Let’s be clear – there is nothing wrong with those thoughts and words. Because that’s what our mindlogic sounds like. But our hearts have their own logic. It’s in our hearts where all whom we love and care for dwell. It is the God-part of us that makes us so vulnerable when we love . . .  and when a loved one dies, that part isn’t having any of the mind’s ramblings.

“NO–NO – It’s NOT POSSIBLE! Mike can’t die like this; he can’t leave us; we have to be able to see him and say goodbye . . . Mike, how can you leave us like this? The doctors said there was a good chance you’ll recover after a few months . . . this is terrible!”

This is what our grief will sound like at times as the waves of Mike’s memory wash up against our heart’s shore.

I’m losing a dear dear friend of 45 years . .. . who brought such love and joy to my life . . . and a large hole has opened up inside me, and in all of us who love him . . . present tense . . . we LOVE him. And yes, I’m angry at times, and all my memories are now tinged with a sadness at my loss of all the conversations and interactions I can no longer have with my dearest of friends.

Finally, these thoughts are from what I’m calling my humble but strong “Hat of Faith,” which scripture and holy Tradition teach me to believe and hope though I can’t “scientifically prove” the following assertions.

In many Orthodox prayers, we acknowledge one of the many biblical confessions of who Jesus is: “The great Physician of our souls and Bodies.” He came to carry all our pains and sorrows, and He alone can and will, by His grace and however long it takes, heal this “Mike Heath wound,” this chasm between our heads and our hearts.

He will gently knit us back together, and we will find more and more ways to be thankful for the time we did have with Mike, and to recognize how wonderful GOD, in and through Mike, blessed us with glimpses and experiences of Paradise.

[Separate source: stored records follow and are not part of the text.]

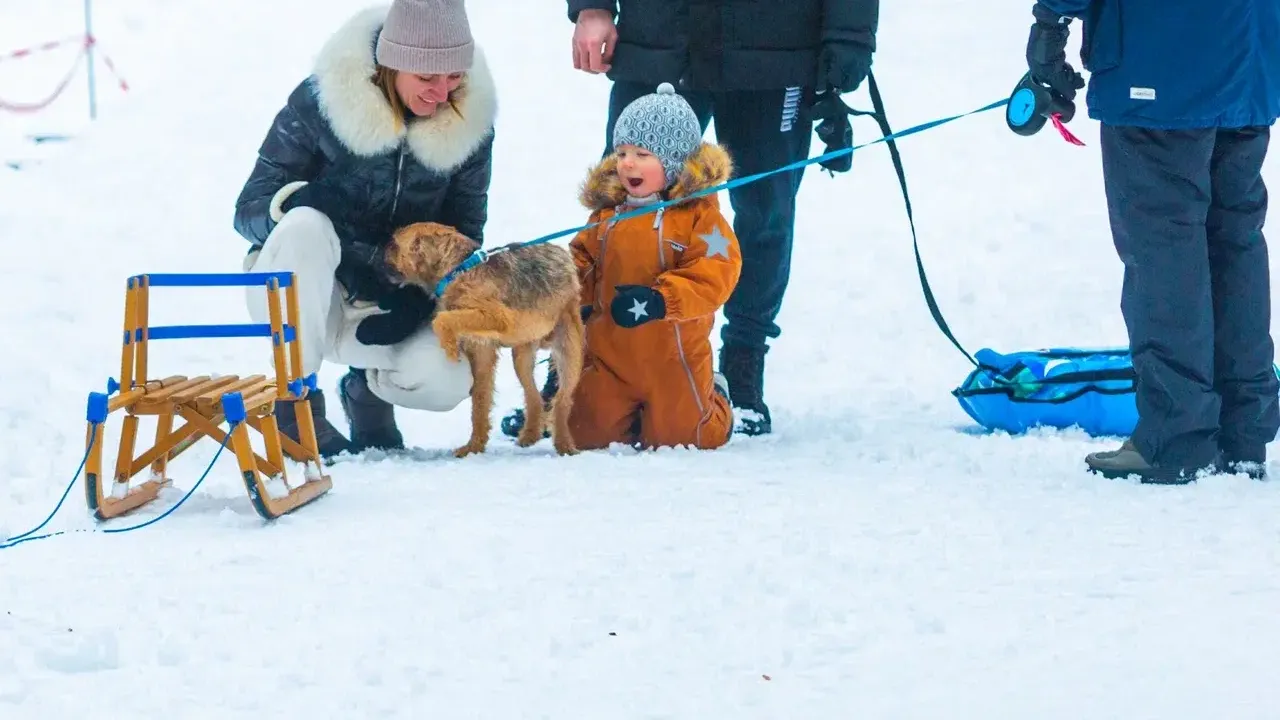 Минблагоустройства Московской области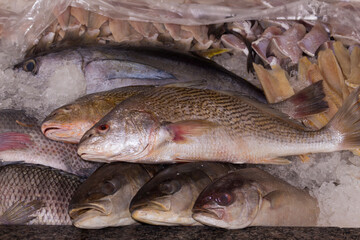 Fresh ocean fish preserved on ice in the fish market on the Brazilian coast.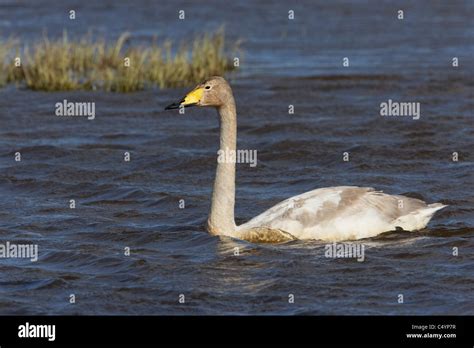 Whooper Swan Cygnus Cygnus Second Year Juvenile Swimming Stock Photo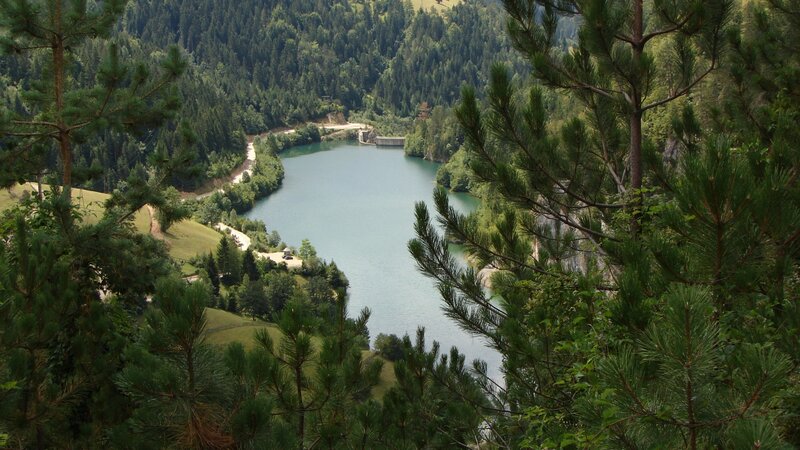 Lake in Forest Valley — Green, Serene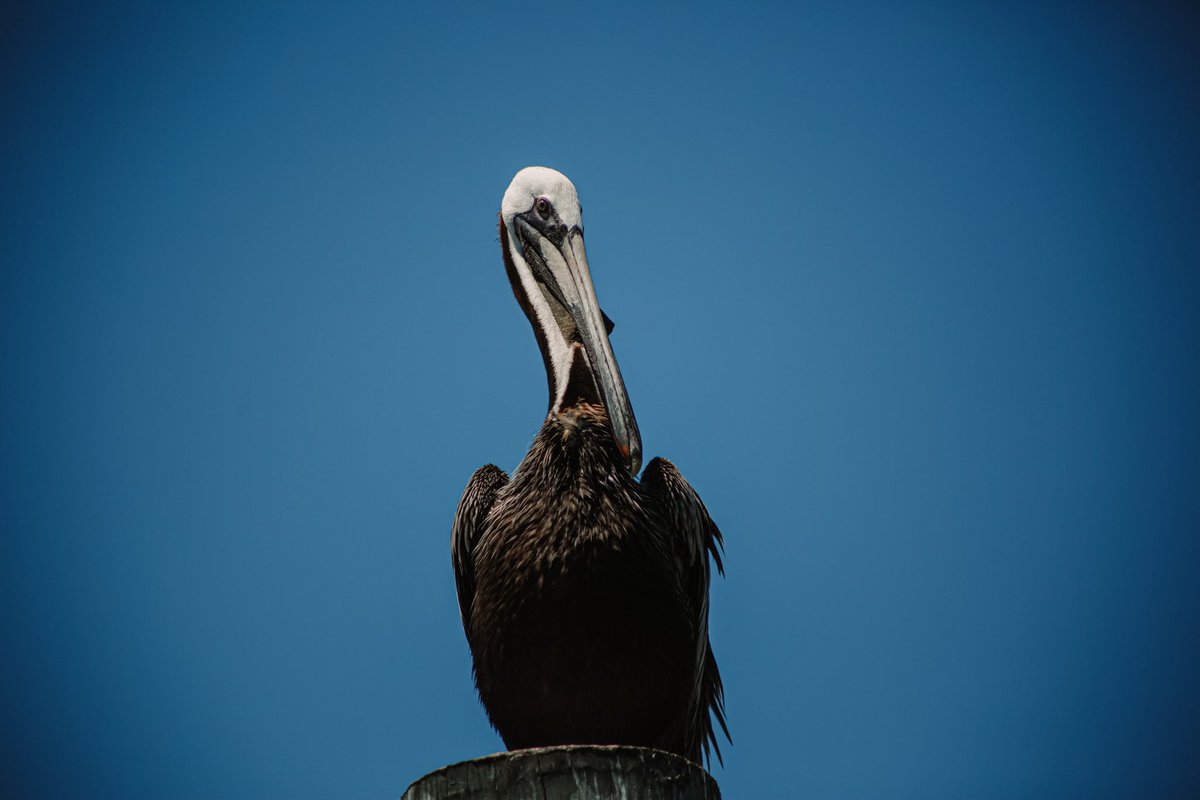 laceybeth84's tweet photo. Excited to share this item from my #etsy shop: Pelican Perched On Pier #photography #pelican #nautical https://t.co/U6vErO7ICC https://t.co/fbjfGwVsJj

What my faith knows, is that whether one knew or believed in God, when they met Mike, they met Christ in Mike, and tasted a tiny bit of heaven.

Mike was one of the smartest men I’ve ever known. And quick witted. And so funny and humble at the same time. An amazing mind and heart. But at 8:30 Central time on Tuesday December 8, 2020, this Mike, our Mike, began to

         “see what his eyes had never seen,”
         “to hear what his ears had never heard” while living among us,
         “and to experience things” which, in spite of Mike’s great  
         intelligence, reading, and study, had never even entered into his
         or anyone’s consciousness while on the earth. 1 Corinthians 2:9

At the hour of his death, escorted by His Guardian angel, all of this was just beginning to dawn on our Mike. And now God has begun to teach Mike the “language of heaven,” which the great fathers and mothers of our Faith have told us, is  SILENCE.  And believe it or not, I don’t think Mike will have any problem learning that language.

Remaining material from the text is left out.